Excelling will require disregarding the broader market’s gloom, said David Yoffie, a professor at Harvard Business School. He said previous downturns had shown that even the strongest businesses were susceptible to profit pressures and prone to pulling back. “Firms get pessimistic like everyone else,” he said.

Tech stocks are vulnerable to a short-term correction, old line stocks are vulnerable to long-term demise.

Tech stocks are vulnerable to a short-term correction, old line stocks are vulnerable to long-term demise.Credit:AP

The first test for the biggest companies in tech will be contagion from their peers. Amazon’s shares in electric vehicle maker Rivian Automotive have plunged more than 65 per cent, a US$7.6 billion paper loss. Apple’s services sales are likely to be crimped by a slowdown in advertising by app developers, which rely on venture-capital funding to finance their marketing, analysts say. And start-ups are scrutinising their spending on cloud services, which will probably slow growth for Microsoft Azure and Google Cloud, analysts and cloud executives said.
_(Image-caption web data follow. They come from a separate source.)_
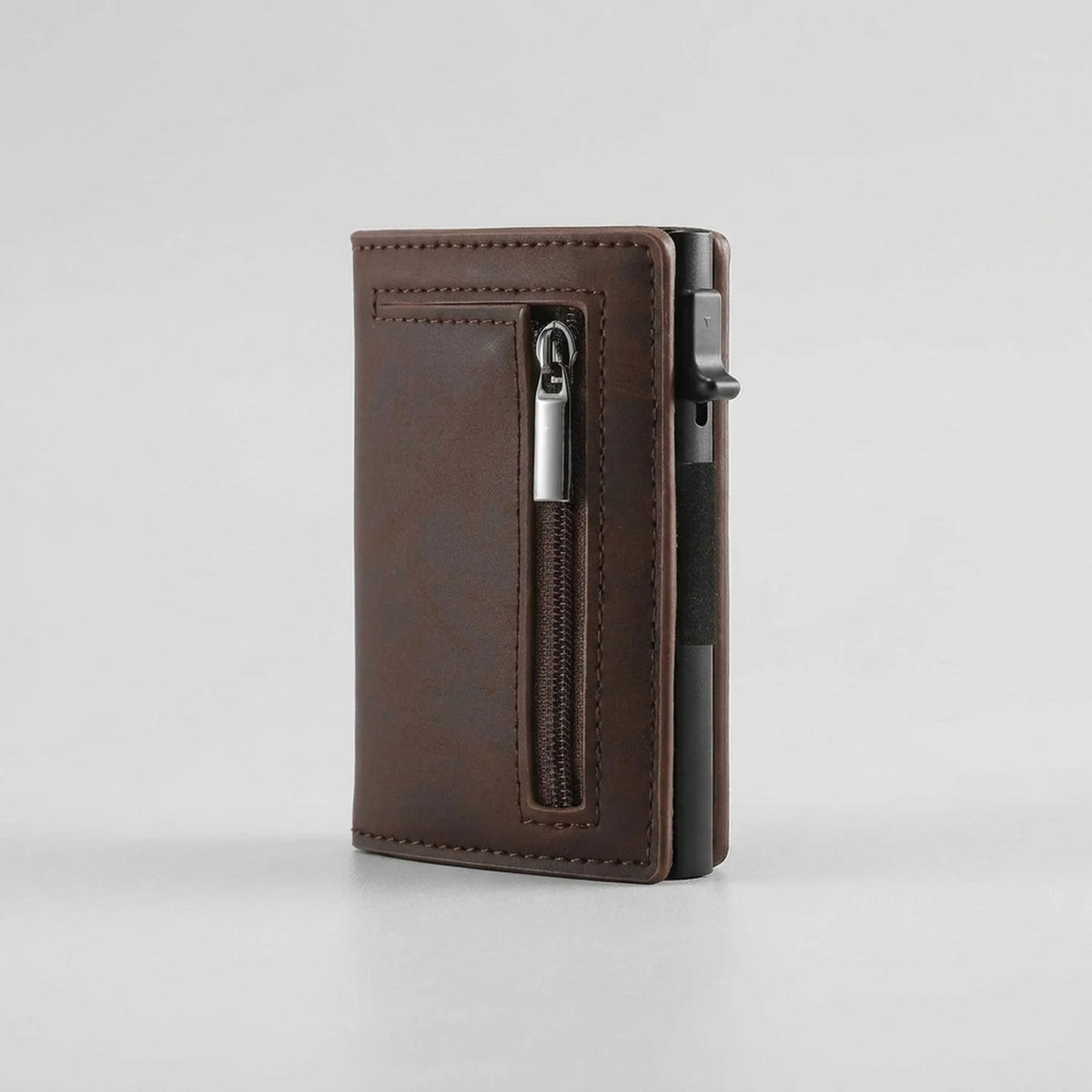 Wallet RFID-Blocking Push-Button Leather & Aluminum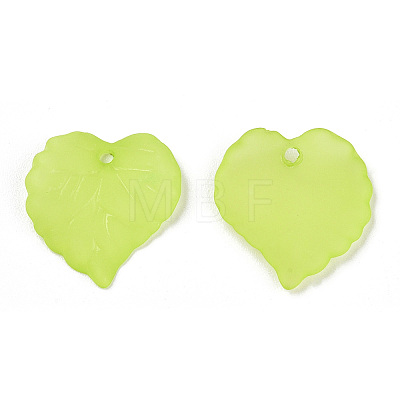 Transparent Frosted Acrylic Leaf Charms FACR-ZX003-01B-1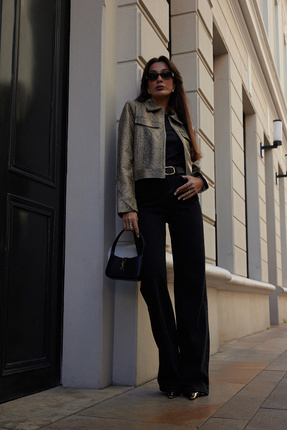 Siyah Pens Detaylı Yüksek Bel Wide Leg Jeans TWOAW23JE00345 Image 5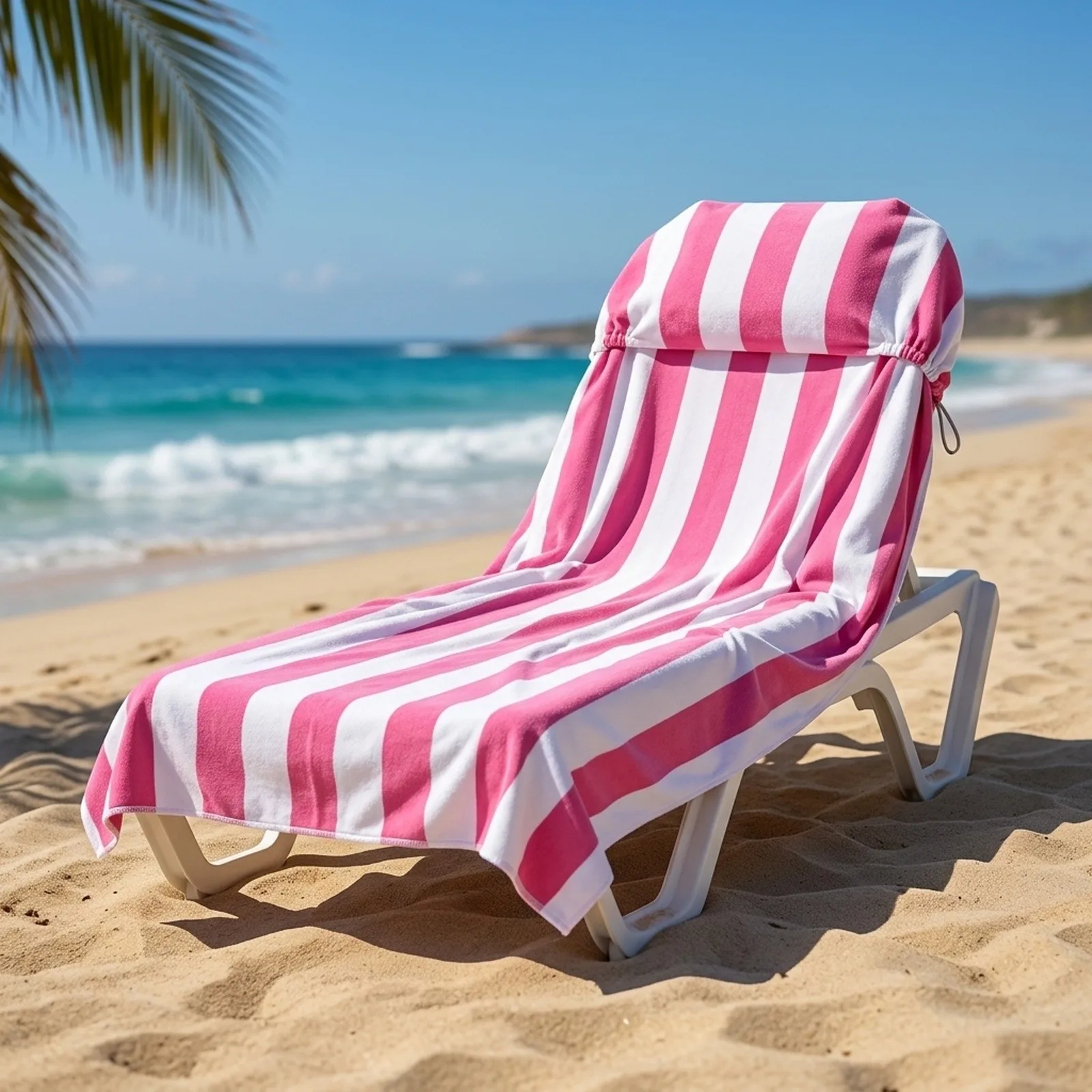 Easy Care Quick Dry Towel Cover for Beach Chairs Stylish Mint Green Stripe Secure Flap Pockets for Worry Relaxation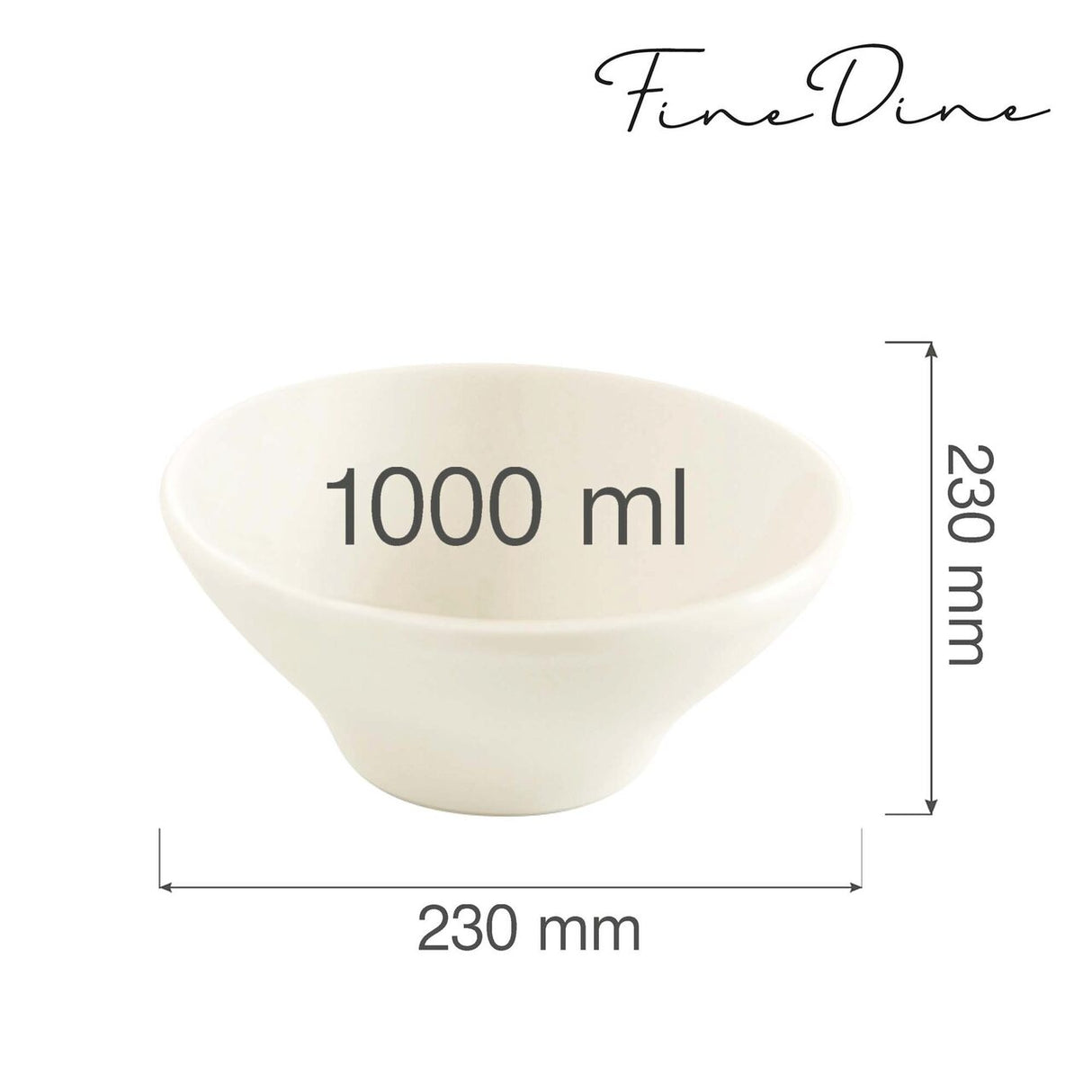 Bol conic Fine Dine, Crema 1000 ml, 190x75 mm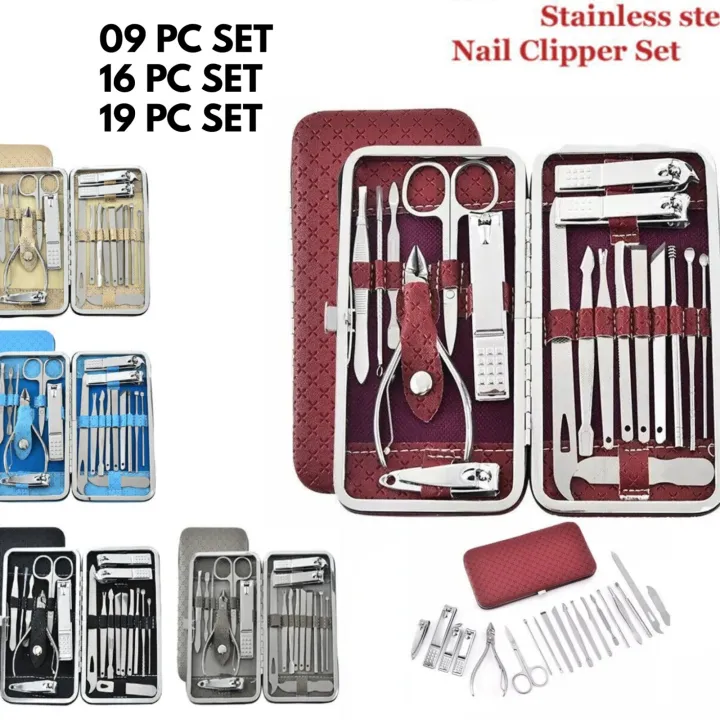 Manicure Set Stainless Steel Nail Cutter Fingernail Clippers Trimmer Eyebrow Scissor Ear Spoon Facial Care Manicure Manicure Beauty 19 PC Tool Kit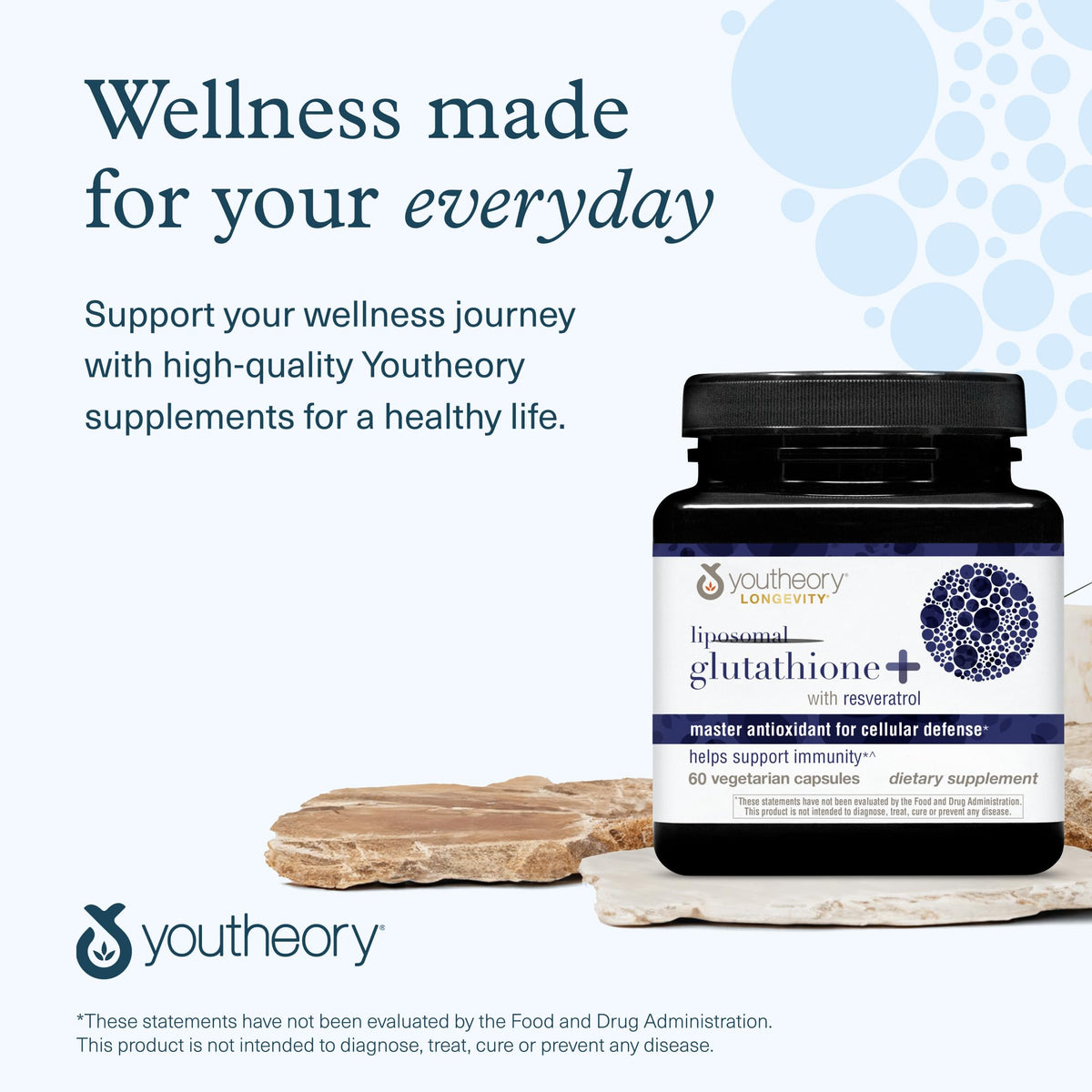Youtheory Glutathion Liposomal, mise en scène avec des fruits antioxydants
“People are trying to figure out how to spend smartly,” said Sam Ramji, chief strategy officer at DataStax, a data-management company.

Regulatory challenges on the horizon could darken the Big Tech companies’ prospects, as well. Europe’s Digital Markets Act, which is expected to become law soon, is designed to increase the openness of tech platforms.

Among other things, it could scuttle the estimated $US19 billion that Apple collects from Alphabet to make Google the default search engine on iPhones, a change that Bernstein estimates could erase as much as 3 per cent of Apple’s pretax profit.

But the companies are expected to challenge the law in court, potentially tying up the legislation for years. The probability it gets bogged down leaves analysts sticking to their consensus: “Big Tech is going to be more powerful. And what’s being done about it? Nothing,” Kramer of Arete Research said.